After a stellar 1981 season, the 1982 season was disrupted by a work stoppage brought on by the NFL players strike. It seemed as if Butler was going to pick up where he left off during the 1983 season, until Week Nine against the New Orleans Saints. In the first quarter, Butler caught a 16-yard TD strike from Ferguson in a game the Bills would go on to win 27–21. However, Butler injured his knee in the game and would miss not only the rest of the 1983 season, but the entire 1984 season as well.

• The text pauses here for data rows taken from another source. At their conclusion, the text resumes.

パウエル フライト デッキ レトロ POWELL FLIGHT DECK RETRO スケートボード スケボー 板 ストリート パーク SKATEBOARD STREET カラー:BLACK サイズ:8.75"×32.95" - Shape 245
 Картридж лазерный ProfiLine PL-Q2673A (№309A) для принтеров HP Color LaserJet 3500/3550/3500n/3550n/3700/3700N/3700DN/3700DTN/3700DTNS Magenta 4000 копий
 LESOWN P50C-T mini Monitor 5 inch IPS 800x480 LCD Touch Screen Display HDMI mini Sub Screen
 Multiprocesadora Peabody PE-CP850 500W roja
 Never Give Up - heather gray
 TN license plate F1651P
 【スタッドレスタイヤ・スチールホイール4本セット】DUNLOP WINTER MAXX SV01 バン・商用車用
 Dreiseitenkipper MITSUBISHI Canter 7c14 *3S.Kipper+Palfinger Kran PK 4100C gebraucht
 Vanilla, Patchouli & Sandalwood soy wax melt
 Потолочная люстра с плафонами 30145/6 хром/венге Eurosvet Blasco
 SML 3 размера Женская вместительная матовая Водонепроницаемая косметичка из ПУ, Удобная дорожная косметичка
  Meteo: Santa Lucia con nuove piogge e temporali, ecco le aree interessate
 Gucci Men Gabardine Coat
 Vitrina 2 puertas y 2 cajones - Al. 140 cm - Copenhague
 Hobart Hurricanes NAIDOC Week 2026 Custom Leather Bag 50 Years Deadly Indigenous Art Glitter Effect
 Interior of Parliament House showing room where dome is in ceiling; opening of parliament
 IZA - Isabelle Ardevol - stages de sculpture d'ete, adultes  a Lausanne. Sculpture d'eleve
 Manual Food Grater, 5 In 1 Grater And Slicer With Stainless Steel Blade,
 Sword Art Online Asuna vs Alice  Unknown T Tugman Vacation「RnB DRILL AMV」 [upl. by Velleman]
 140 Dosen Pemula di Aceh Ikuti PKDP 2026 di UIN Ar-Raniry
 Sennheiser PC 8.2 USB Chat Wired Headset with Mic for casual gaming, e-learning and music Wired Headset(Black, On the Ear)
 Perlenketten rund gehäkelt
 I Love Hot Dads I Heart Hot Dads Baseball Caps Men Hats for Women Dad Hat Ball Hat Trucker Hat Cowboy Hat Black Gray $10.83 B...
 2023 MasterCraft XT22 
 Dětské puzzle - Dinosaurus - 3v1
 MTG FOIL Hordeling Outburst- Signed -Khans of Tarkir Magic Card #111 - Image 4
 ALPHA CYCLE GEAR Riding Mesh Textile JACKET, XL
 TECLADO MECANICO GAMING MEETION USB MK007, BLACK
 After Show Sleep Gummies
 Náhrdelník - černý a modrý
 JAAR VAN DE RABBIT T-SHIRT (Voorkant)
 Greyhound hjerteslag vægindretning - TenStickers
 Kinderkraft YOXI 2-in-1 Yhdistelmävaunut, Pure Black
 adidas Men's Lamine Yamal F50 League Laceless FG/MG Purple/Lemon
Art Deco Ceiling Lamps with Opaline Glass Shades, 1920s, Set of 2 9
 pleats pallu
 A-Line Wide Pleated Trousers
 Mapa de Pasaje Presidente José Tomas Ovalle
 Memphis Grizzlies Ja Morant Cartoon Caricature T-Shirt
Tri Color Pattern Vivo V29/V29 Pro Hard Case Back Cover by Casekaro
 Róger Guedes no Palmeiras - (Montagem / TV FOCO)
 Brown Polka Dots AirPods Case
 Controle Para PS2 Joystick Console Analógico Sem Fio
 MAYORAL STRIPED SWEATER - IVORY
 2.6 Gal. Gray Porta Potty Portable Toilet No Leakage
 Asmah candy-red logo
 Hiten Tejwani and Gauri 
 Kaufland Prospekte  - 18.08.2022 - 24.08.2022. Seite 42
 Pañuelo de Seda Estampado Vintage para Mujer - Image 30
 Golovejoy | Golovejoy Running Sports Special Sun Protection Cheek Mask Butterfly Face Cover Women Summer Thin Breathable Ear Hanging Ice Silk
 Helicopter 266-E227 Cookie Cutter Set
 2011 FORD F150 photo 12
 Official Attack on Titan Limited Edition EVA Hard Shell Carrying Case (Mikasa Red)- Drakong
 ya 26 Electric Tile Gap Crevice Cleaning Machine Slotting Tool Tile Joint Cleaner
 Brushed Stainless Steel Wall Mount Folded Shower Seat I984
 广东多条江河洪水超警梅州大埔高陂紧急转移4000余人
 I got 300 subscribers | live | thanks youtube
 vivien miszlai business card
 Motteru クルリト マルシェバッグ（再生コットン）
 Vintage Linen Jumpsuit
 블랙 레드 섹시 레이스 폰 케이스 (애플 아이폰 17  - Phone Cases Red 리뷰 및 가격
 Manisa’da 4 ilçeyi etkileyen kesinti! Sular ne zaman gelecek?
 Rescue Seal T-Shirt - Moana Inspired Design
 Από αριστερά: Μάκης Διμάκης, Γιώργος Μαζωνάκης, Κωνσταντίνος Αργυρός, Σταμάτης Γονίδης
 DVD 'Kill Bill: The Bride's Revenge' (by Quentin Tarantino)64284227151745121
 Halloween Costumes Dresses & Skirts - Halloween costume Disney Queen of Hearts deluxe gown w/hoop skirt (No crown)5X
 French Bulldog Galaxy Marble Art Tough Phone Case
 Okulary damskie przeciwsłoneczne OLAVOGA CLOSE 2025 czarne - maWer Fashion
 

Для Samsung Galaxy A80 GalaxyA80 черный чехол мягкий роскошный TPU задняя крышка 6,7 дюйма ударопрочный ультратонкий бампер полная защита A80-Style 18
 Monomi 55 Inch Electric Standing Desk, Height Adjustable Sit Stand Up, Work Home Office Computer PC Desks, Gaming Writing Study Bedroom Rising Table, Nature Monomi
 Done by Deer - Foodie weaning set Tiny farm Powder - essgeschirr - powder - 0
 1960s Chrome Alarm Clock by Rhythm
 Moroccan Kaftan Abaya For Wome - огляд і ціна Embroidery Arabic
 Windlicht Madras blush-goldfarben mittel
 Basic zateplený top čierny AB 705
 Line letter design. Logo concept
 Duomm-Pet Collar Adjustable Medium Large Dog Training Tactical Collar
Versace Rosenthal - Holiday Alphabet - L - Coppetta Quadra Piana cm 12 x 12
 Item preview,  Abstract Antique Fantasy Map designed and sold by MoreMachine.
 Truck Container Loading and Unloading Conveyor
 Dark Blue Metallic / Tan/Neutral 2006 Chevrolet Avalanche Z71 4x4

Butler made a comeback in 1985. He started 13 games that season, opposite Andre Reed. Butler caught 41 passes for 770 yards and 2 touchdowns. Midway through the 1986 season, Hank Bullough was fired as head coach, and replaced by Marv Levy. On November 16, 1986, Butler caught a touchdown pass from Bills quarterback Jim Kelly, but came down wrong on his ankle, and shattered it. Butler laid on the turf in the end zone as his teammates and Dolphins players each took a knee. The cart was brought out and Butler was placed on it, leaving the field for the final time as an active player. Despite multiple surgeries, Butler was unable to comeback and was forced to retire. Butler established himself as a community leader. He was the Buffalo Bills- NFL “Man of Year” in 1981 and 1982, and Buffalo Bills Ed Block Courage Award recipient in 1985.

==NFL career statistics==

Legend
| Bold | Career high |

=== Regular season ===

| Year | Team | Games |  | Receiving |  |  |  |  |
| GP | GS | Rec | Yds | Avg | Lng | TD |
| 1979 | BUF | 13 | 13 | 48 | 834 | 17.4 | 75 | 4 |
| 1980 | BUF | 16 | 16 | 57 | 832 | 14.6 | 69 | 6 |
| 1981 | BUF | 16 | 16 | 55 | 842 | 15.3 | 67 | 8 |
| 1982 | BUF | 7 | 7 | 26 | 336 | 12.9 | 47 | 4 |
| 1983 | BUF | 9 | 9 | 36 | 385 | 10.7 | 25 | 3 |
| 1985 | BUF | 16 | 13 | 41 | 770 | 18.8 | 60 | 2 |
| 1986 | BUF | 11 | 6 | 15 | 302 | 20.1 | 53 | 2 |
|  |  | 88 | 80 | 278 | 4,301 | 15.5 | 75 | 29 |

=== Playoffs ===

| Year | Team | Games |  | Receiving |  |  |  |  |
| GP | GS | Rec | Yds | Avg | Lng | TD |
| 1980 | BUF | 1 | 1 | 2 | 19 | 9.5 | 12 | 0 |
| 1981 | BUF | 2 | 2 | 5 | 104 | 20.8 | 54 | 1 |
|  |  | 3 | 3 | 7 | 123 | 17.6 | 54 | 1 |

==Front office, awards and achievements==
In 2019, Butler won the Brian Dawkins Lifetime Achievement Award, which honors former Clemson players for their leadership not just on the field, but in the community as well. In 2015, Butler was hired by the Chicago Bears as their director of player development. Butler had also held front office positions with the Bills, Cleveland Browns, Denver Broncos and was a receivers coach for a season with the Browns. Just two years later, Butler retired from football, and left his position with the Bears.

In 1986, Butler was named to the Clemson Tigers Hall of Fame. Ten years later, he was named to Clemson's Centennial team, and finally, in 1998, he was named to Clemson's Ring of Honor.

In 2019, Jerry Butler was inducted into the Ware Shoals High School Hall of Fame.